McGrady, sensing that things were beginning to look a little too much like last season on the offensive end, believed the two stars needed to push the rest of the team to re-implement some changes on the offensive end.

"We kind of got away from what we all worked on in training camp," McGrady said. "We went back to the way we played last year -- slowing the ball down and just trying to pound the ball on the inside. That was not how we played when we were 6-1."

The Rockets are getting back to the style that got them off to such a fast start.

Since the two stars had their mid-flight talk on the team charter, the Rockets have shifted back to their high-motion, read-and-react offense and will be counting on that offensive approach Wednesday night when they visit the Phoenix Suns.

The Rockets (8-7) had become stagnant on the offensive end before their two stars had their discussion.

Before facing the Nuggets on Saturday, Houston had gotten back to leaning on their two stars to shoulder the offense. McGrady was handling the ball in crucial situations to generate offense for himself and everyone else and, when given the chance, the Rockets were force-feeding Yao.

Unsurprisingly, that drew the defense towards Houston's two stars and forced the Rockets' other players to knock down shots from the perimeter. The Rockets, however, weren't sinking those shots, leading to a six-game losing skid.

That's when McGrady and Yao decided the team had to get back to moving the ball.

"We talked about six losses in a row," Yao said. "We didn't know what we did on offense or defense. We don't have both. We need to clear our minds and think. It starts with us, our two guys. We have to clear our mind and know what we have to do first. It starts with us and then goes to the rest of the team."

The Rockets have had better ball movement in the past two games.

During Saturday's blowout 109-81 win over Denver, McGrady and Yao were getting their shots through the flow of the offense instead of being forced to shoulder the load. The result was Houston's highest scoring effort of the season.

Despite having some trouble knocking down shots in Monday's win over the L.A. Clippers, the Rockets were able to pull away late because McGrady got shots within the read-and-react scheme. He scored 10 points in the first four minutes of the fourth quarter to boost the Rockets to an 88-71 win.

The Rockets averaged 98.5 points on 46.3 percent shooting over those two wins.
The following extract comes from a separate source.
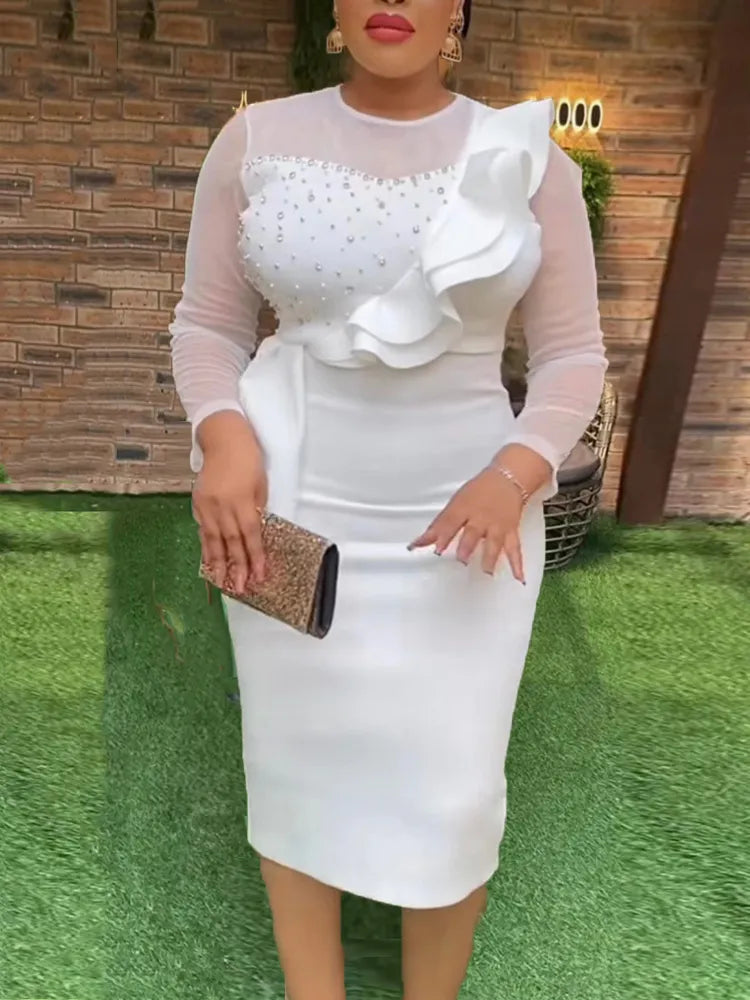 Classy Women White Midi Bodycon Long Sleeve Dress Beads Sheer Sweetheart Ruffles Peplum Dresses for Wedding Guest Party Birthday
Obviously, Houston is hoping to have even better offensive numbers in the coming weeks. But the Rockets believe the only way they're going to become a tough team to defend is by being a team with more motion.

That's why McGrady and Yao pushed for the change.

"It's going to take some time to get this offense down," Rockets point guard Rafer Alston said. "But we just need to be aggressive and keep passing the ball."

The Rockets could certaily use that sort of play against the Suns.

Despite all the talk about Phoenix's offense, the Suns has given the Rockets plenty of trouble with their defensive schemes. Houston surpased triple digits in a 115-105 loss to Phoenix on Nov. 17, but the Rockets shot a meager 39.3 percent in that performance.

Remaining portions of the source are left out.